Hi all,
I have a WGS dataset in which indels were also called. Now I am looking towards creating this a reference dataset for the local population I am working on. But before using this as a reference set for imputation of Exome data for samples from this population, I would need to phase this WGS dataset.
The problem is that SHAPEIT and MACh can't handle indels within the files and usually have to be removed before phasing. My query is how do I phase the WGS dataset but also preserving the indels within it.
Any help is greatly appreciated!
Thanks for your reply. But if I do remove them then how would I be able to impute them in my genotyped samples? This way I would loose the indels which were called specifically earlier. And also, since I wouldn't be able to impute them in my samples then I can't use it for any downstream analysis also.
Nucleic acid molecules do not comprise any gap residues. Thus a sequence representing a real molecule must not have gaps. Make a copy of your gapped sequence before you delete the gaps.
Piet, I assume that your explanation doesn't concern diploid organisms? Because for phasing, you are effectively comparing two sequences, both alleles.

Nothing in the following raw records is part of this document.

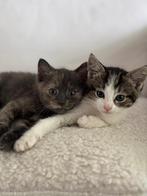 Twee schattige kittens, Dieren en Toebehoren, Katten en Kittens | Overige Katten, Geslacht onbekend
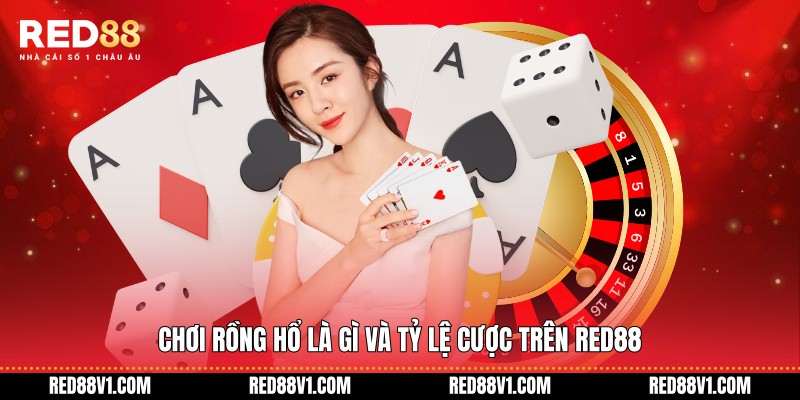 Chơi Rồng Hổ là gì và tỷ lệ cược trên RED88
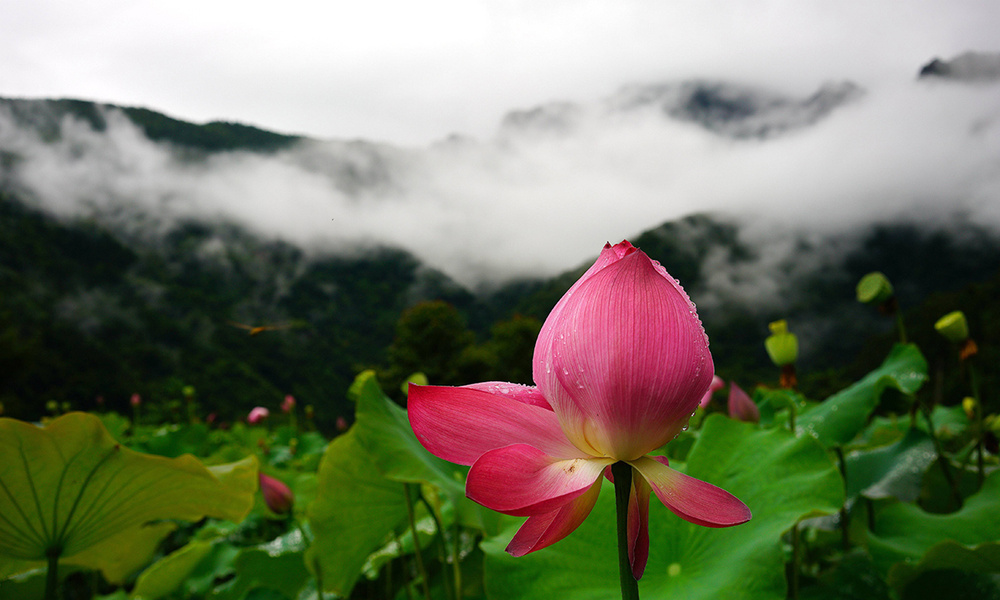 Цветок растущий на земле. Китайский Лотос цветок. Лотос в горах. Растительный мир Китая Лотос. Цветок лотоса в горах.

It's a bit annoying indeed that you have to remove indels for phasing, but I understand it's an additional complexity the makers of the tool would like to avoid. What I would consider (and which is a bad workaround, which will likely come around and hurt you unexpectedly) is to substitute all indel variants for an artificial SNP variant. You keep the position on which you did this nasty trick and replace the real indels afterwards. Not sure on what your phasing algorithm is based. Doesn't hurt to try? It might just screw up everything but in that case we're smarter next time a similar problem arises.
That's an idea WouterDeCoster ! I know it will mess up with the phasing algorithm of shapeit2 in regards to haplotype estimation maybe. I will try this and see if I get something meaningful when I phase them. But it's strange that shapeit2 refuses to take indels even now when even the latest 1kg ref dataset has indels in them.